What this task involves ->
Set down, exactly as written, the lines from the line holding "Ws2812 3-битный светодиодный" to the end of the data, inclusive, skipping any pictures.

[Image-caption web data]
* * *

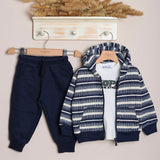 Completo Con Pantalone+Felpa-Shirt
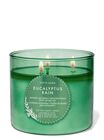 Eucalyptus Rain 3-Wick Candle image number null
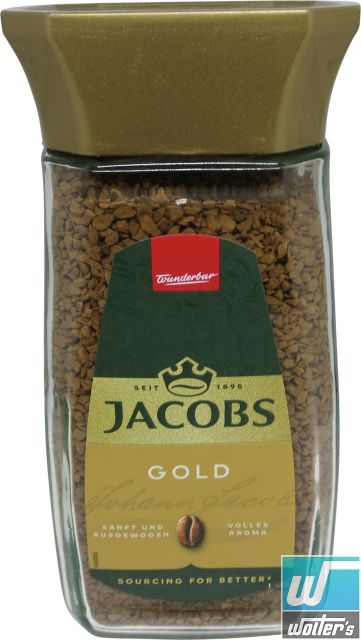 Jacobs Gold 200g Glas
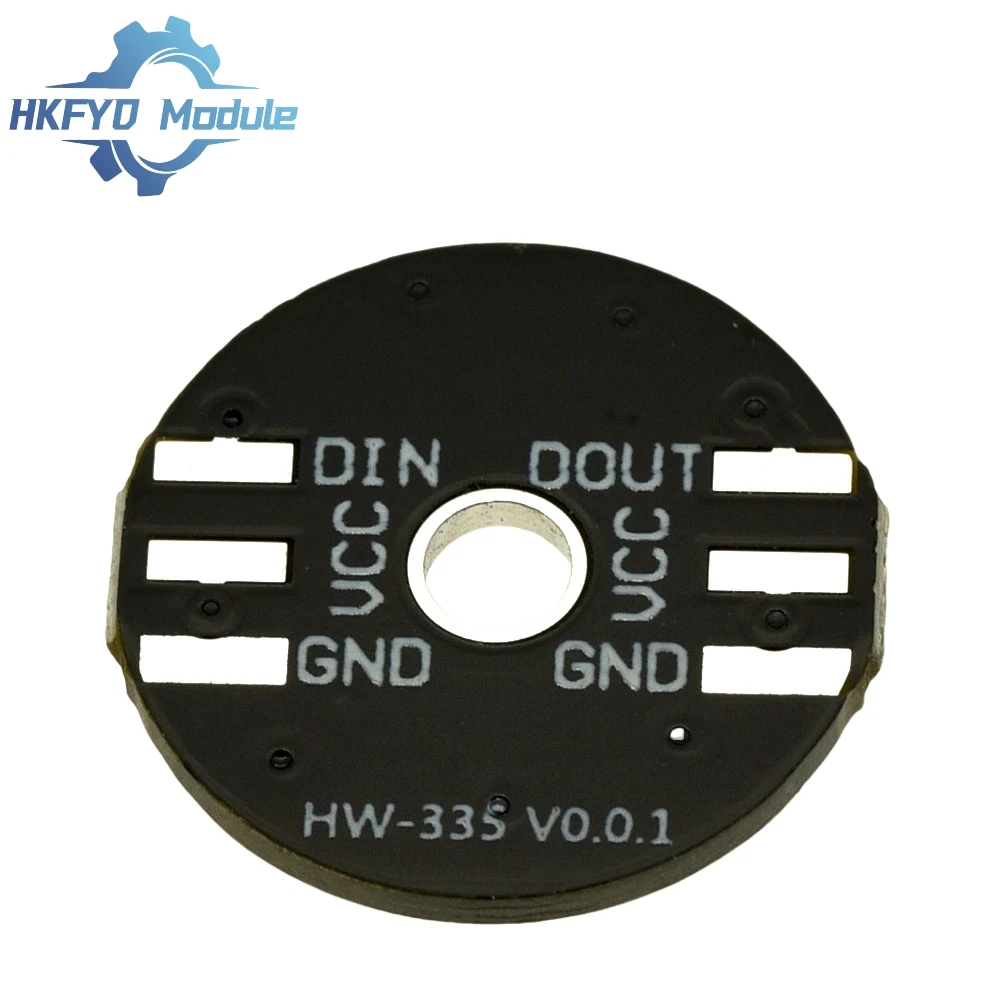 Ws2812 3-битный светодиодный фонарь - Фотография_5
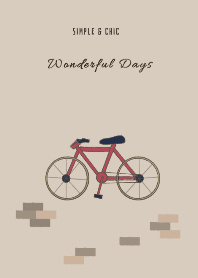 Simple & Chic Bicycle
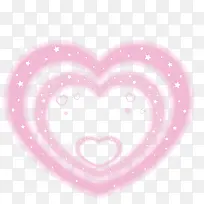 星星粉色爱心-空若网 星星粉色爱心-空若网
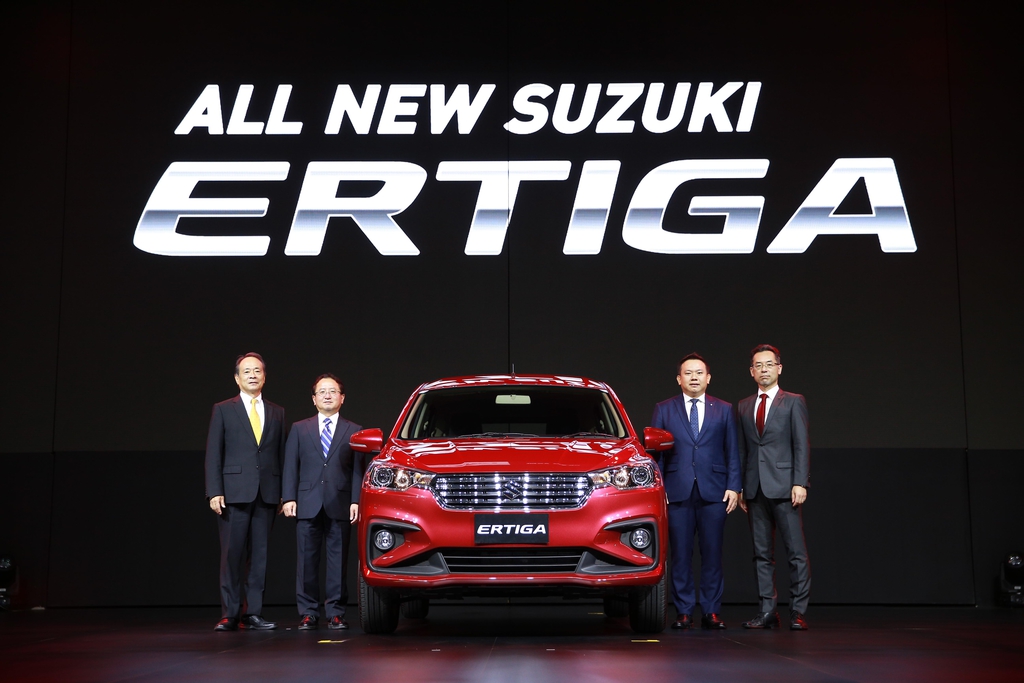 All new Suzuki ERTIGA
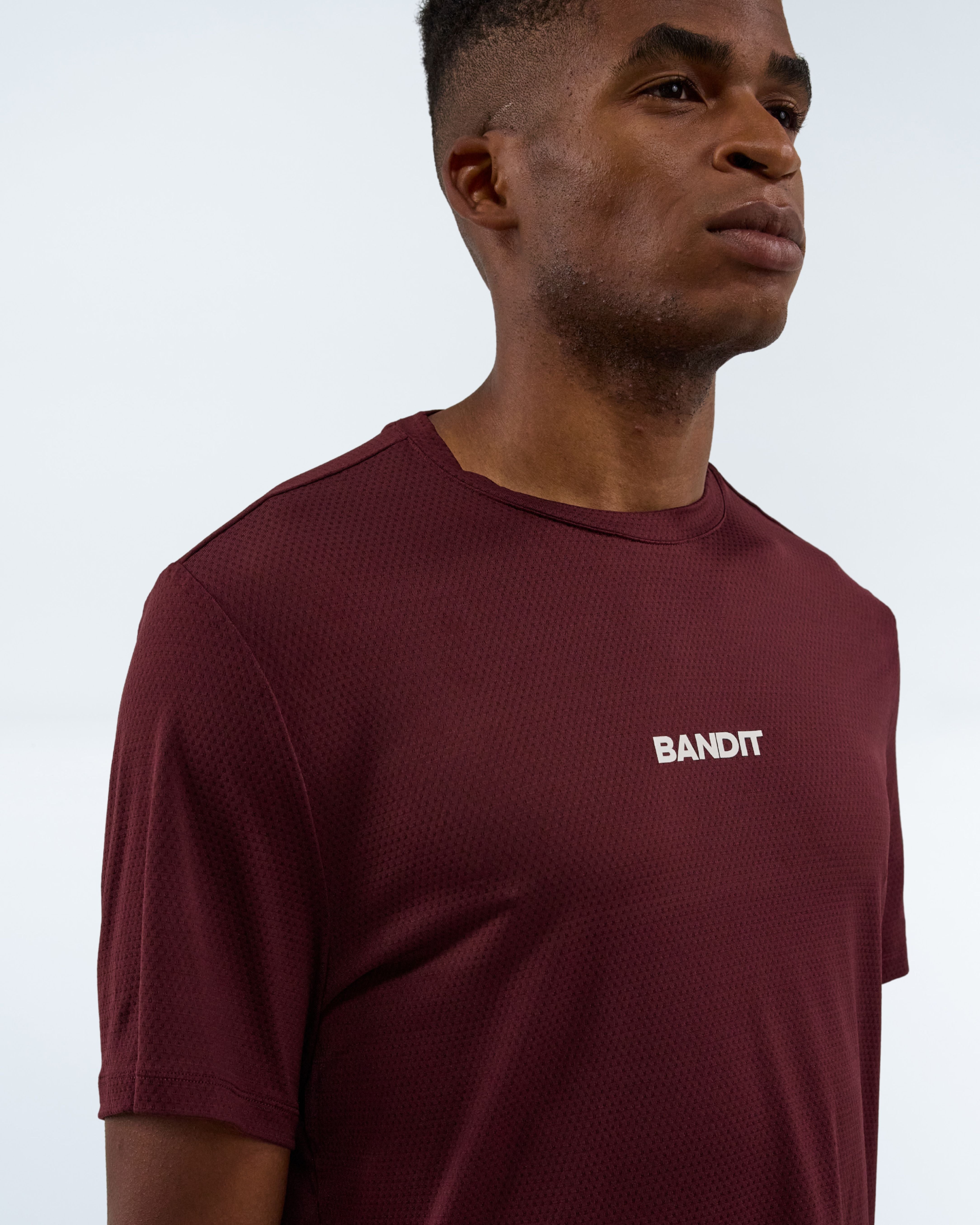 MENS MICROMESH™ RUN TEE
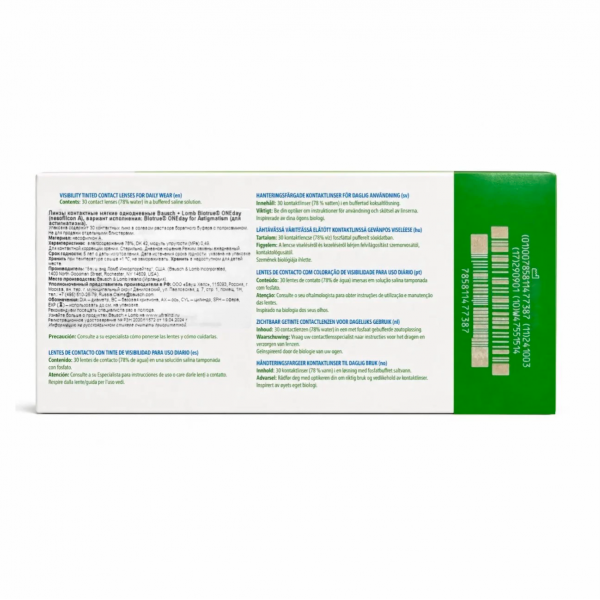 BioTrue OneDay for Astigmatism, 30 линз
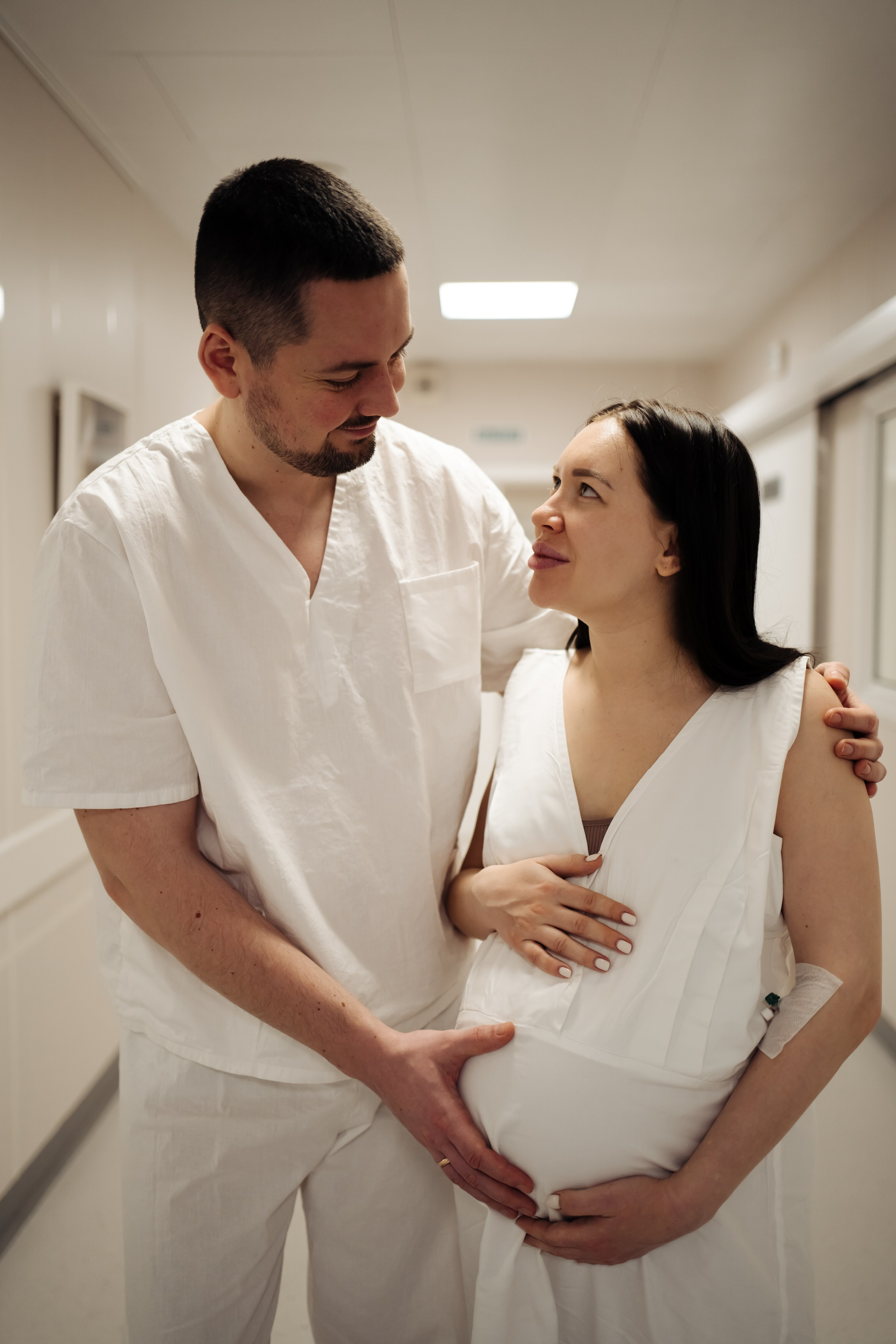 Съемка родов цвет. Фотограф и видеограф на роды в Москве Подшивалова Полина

* * *

Response to the exercise ->
 Ws2812 3-битный светодиодный фонарь - Фотография_5
 Simple & Chic Bicycle
 星星粉色爱心-空若网 星星粉色爱心-空若网
 All new Suzuki ERTIGA
 MENS MICROMESH™ RUN TEE
 BioTrue OneDay for Astigmatism, 30 линз
 Съемка родов цвет. Фотограф и видеограф на роды в Москве Подшивалова Полина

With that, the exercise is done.